Antica Trattoria della Pesa is a true old-school joint... it opened way back in 1880. It's been serving the same thing for the past century - Milanese classics in their truest possible form. I could tell things haven't really changed much here based on their huge reservations book that looks like a thick wine list that belonged in some old library. I think it's places like this that would stop OpenTable from taking off in Italy. The restaurant is definitely on the tourist radar, though my guidebook says that Giorgio Armani and Carla Sozzani are still regulars. I don't think they were in the house with us, but the locals seemed to outnumber the tourists while we were there.
White truffles are now on menus everywhere, and we just had to have a small taste. We split an antipasti portion of the eggs (so we got double the pictured amount for our 25 euros). The golden yolky eggs were scrambled beautifully while the white truffles absolutely took over. There is really nothing in the world that tastes like white truffles, and the combination with eggs is a perfect match.
Next up, we got 2 pastas to split. First was this simple tagliatelle with porcinis. I really love porcini mushrooms, and I'm so happy when they pile on big slices as they did here. The noodles were a good al dente. Yum.
The famous risotto alla milanese looked beautiful. Gleaming and golden, it's no wonder the dish is frequently used to symbolize the wealth of Milan. This is certainly one of the best versions I have ever had, tremendously fragrant of saffron and rich with bone marrow. The risotto itself was cooked perfectly.
This imposing piece of meat is their rendition of the classical veal milanese. They're so serious about the dish that they don't give you any lemon to squirt, and consider it blasphemy to suggest the very idea. Clearly, they believe the meat stands on its own. The cutlet is actually wafer thin, pounded diligently and evenly before cooking. The breading is light and greaseless. A superb version of one of my favorite dishes.

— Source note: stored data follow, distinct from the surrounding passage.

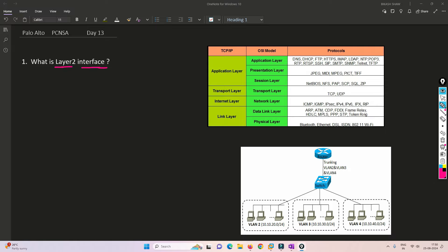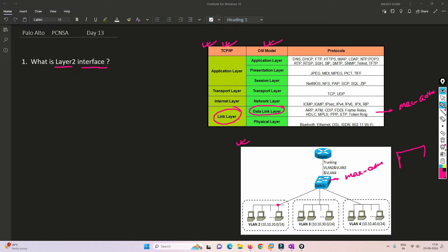Let's understand what Layer 2 interface is with the help of these two diagrams. Layer 2 is also called the link layer in the TCP/IP model, and in the OSI model it is called the data link layer. The major identifier at Layer 2 is the MAC address, which is the physical address of a device or host. Switches work at Layer 2 - they understand MAC addresses, forward traffic based on MAC addresses, and create a MAC table accordingly.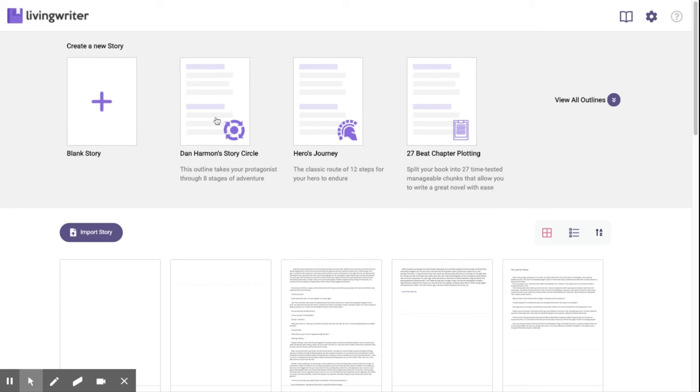The 27b chapter plotting is a favorite among our writers. It's a tough plot structure to get all written down, but we've done the hard part for you.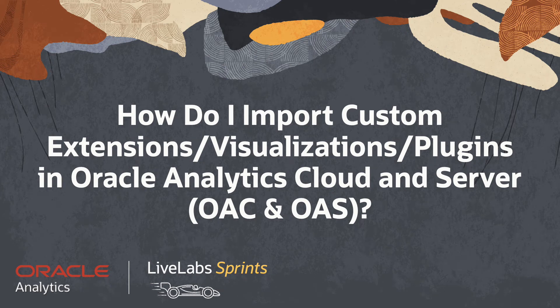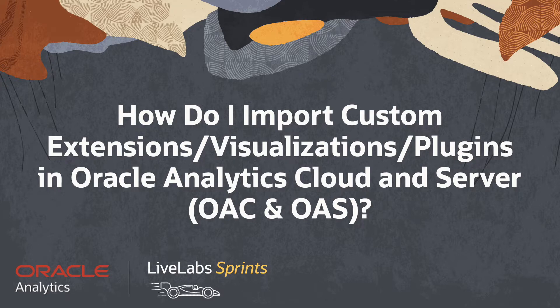Let's answer the question, how do I import custom extensions, visualizations, or plugins in Oracle Analytics?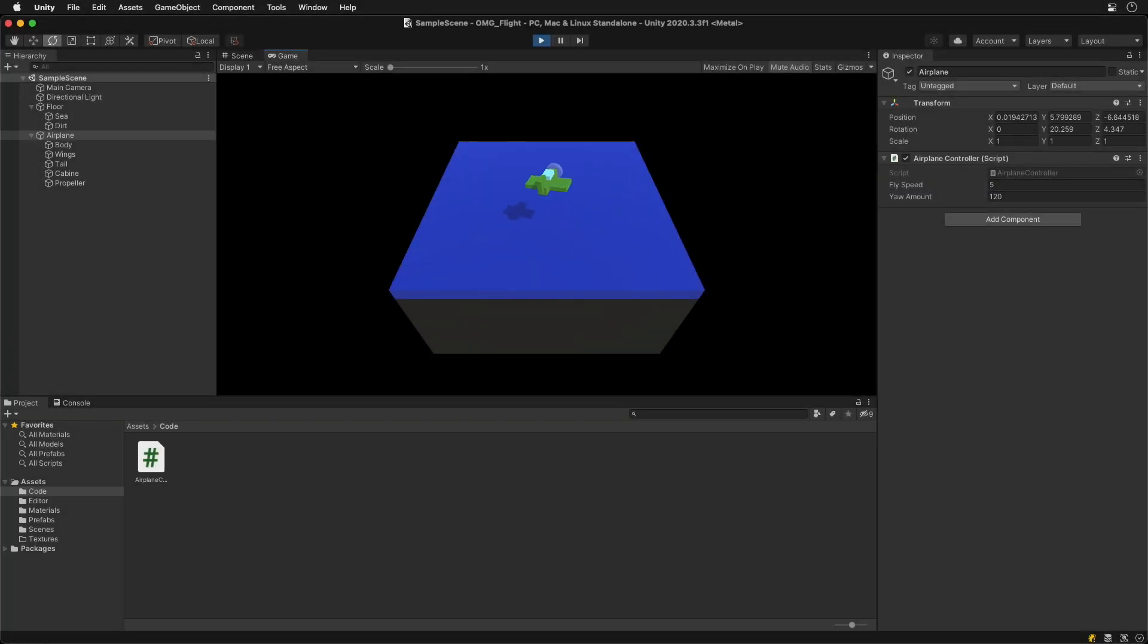We can see abrupt changes if quickly pressing the opposite key, like left and right. Let's fix it in the last step.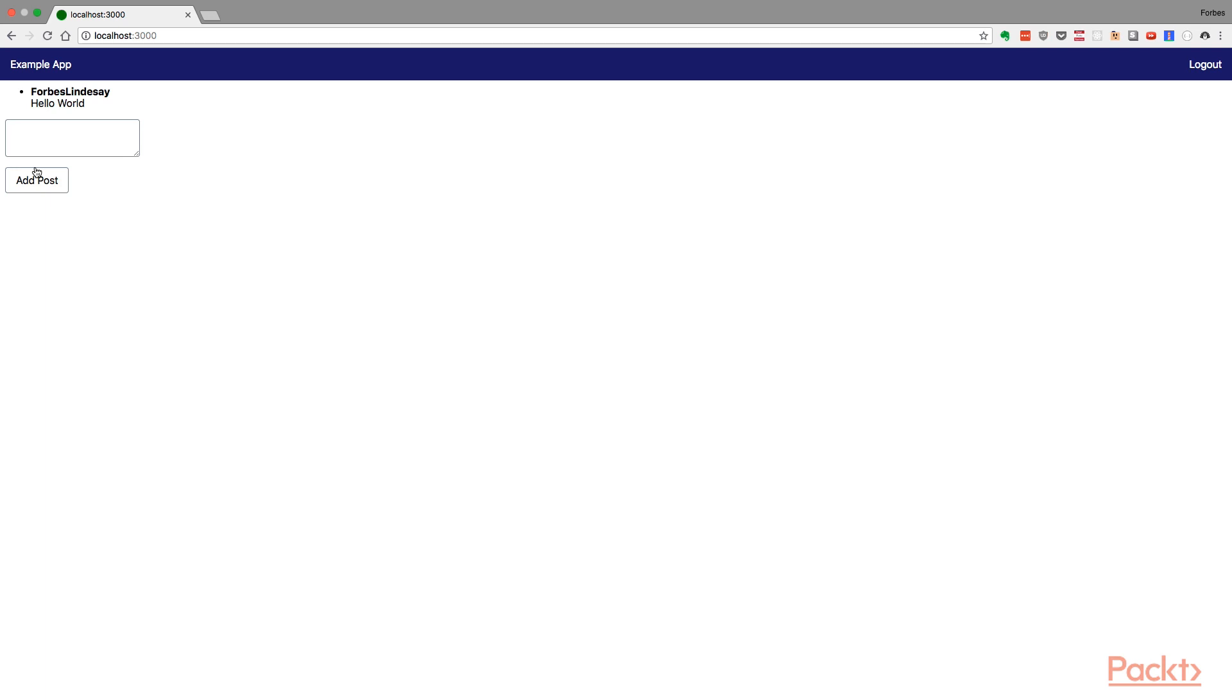But if I craft my message carefully, I can pretend to be someone called Bob, even though I wouldn't necessarily be able to tell you what Bob's password is.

Sadly, by the time we got to dessert, it was too late to try their zabaglione. We settled for this very standard creme brulee - solid all around but nothing spectacular.
Overall, I'm very happy that I ate here - I satisfied all my Milanese cravings, and I'm confident I got some of the best preparations of these dishes short of having an actual Milanese grandmother. Go without hesitation if you're looking for risotto and/or veal milanese.